Le garde qui se trouvait à la frontière leva le permis, le fixant avec incrédulité." Ne savez-vous donc pas qu’il y a la guerre en ce moment ?" demanda-t-il, en leur lançant un regard furieux, comme s’ils venaient de s’échapper d’un asile. "Nous allons au zoo de Bagdad avec des provisions" lui dit Lawrence. "Vous êtes les premiers civils ici" dit le garde. "Restez simplement près des convois. Il y a des attaques plusieurs fois par jour sur la route."
D’après la façon dont les journaux télévisés avaient couvert l’invasion en 2003, on aurait dit que la guerre était pratiquement terminée. En réalité, le mauvais quart d’heure ne faisait que commencer. "Je ne le savais pas » me dit Lawrence plus tard « mais j’entrais dans un nid de guêpes. Un voile sombre était tombé sur l’Iraq. En arrivant à Bagdad, les fusillades étaient incessantes."
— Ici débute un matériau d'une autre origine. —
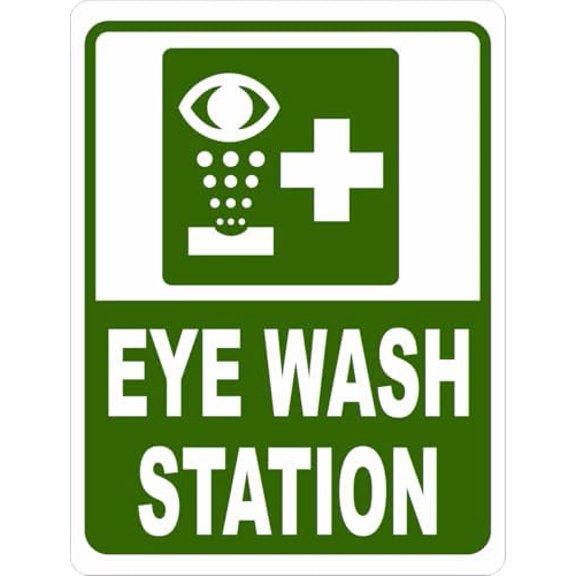 Eye Wash Station Sign - Safety 8"x12" Metal Sign Plaque for Man Cave, Yard, Indoor or Outdoor Display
Après avoir surmonté le choc visuel d'un civil étranger à Bagdad, un lieutenant américain escorta Lawrence jusqu’au zoo. Ce qu’il vit l’anéantit. Il y avait des cadavres d’animaux et de la nourriture pourrie dans les cages et il y avait aussi des animaux morts hors des cages. Il y avait des trous d'obus avec des cadavres gisant sur les bords, des bombes qui n’avaient pas explosé, des portes de cages ouvertes et des animaux qui couraient partout. Des nuages de mouches bourdonnaient.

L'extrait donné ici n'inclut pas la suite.